Gas detection constitutes an important layer of protection in process facilities. From a review of the 100 largest property damage losses in the hydrocarbon industry, around 70 are attributed to fires, explosions, and/or vapor cloud explosions. Incidents where the fire and gas detection system played or could have played an important role in preventing further damages after loss of containment. While effective technology exists for gas detection, several difficulties make the problem of gas detector placement challenging. First, dispersion scenario source location, size, and duration are generally unknown. Second, the gas leak dispersion development and transport depend on fluid properties and dispersion characteristics, environmental factors, and facility geometry. Third, formal quantification of the final risk of a given dispersion scenario is a complicated task. Finally, even if all this data is high quality and can be consolidated, due to the combinatorial aspects of the problem, exhaustive search is not an option.

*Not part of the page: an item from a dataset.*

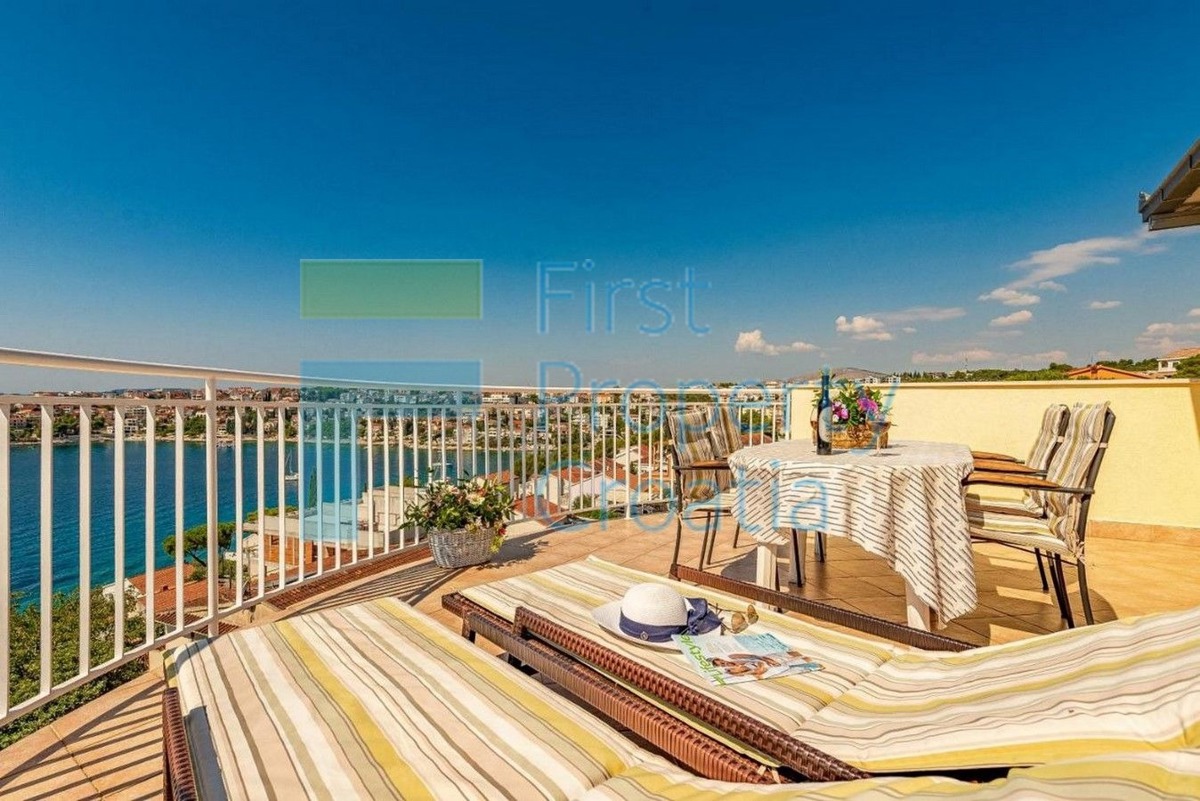 TG1565 - Apartmanska vila s divnim pogledom na more, Čiovo, na prodaju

Most regulations, standards, and operator-specific practices propose the use of prescriptive approaches supported by qualitative considerations and rules of thumb. These approaches are far from optimal. The acknowledgement of this fact by the industry has increased interest in formal quantitative approaches supplemented by rigorous dispersion simulations. In previous work, a stochastic Mixed-integer linear programming (MILP) formulation (SP) was proposed, developed and validated for optimal placement of gas detectors using information from leak scenario simulations. Simulations were performed on a real, medium-scale, proprietary offshore facility geometry capturing the full process features, i.e. equipment, piping, support structures, etc. Data generation was performed via a consortium between the Mary Kay O’Connor Process Safety Center at Texas A&M University and GexCon. Using FLACS, a validated tool for release modeling in the technical safety context, probabilistic scenario simulations were performed accordance to the latest industry standards. Results demonstrated the potential and suitability of numerical optimization to the gas detector placement problem while rigorously considering its inherent uncertainties.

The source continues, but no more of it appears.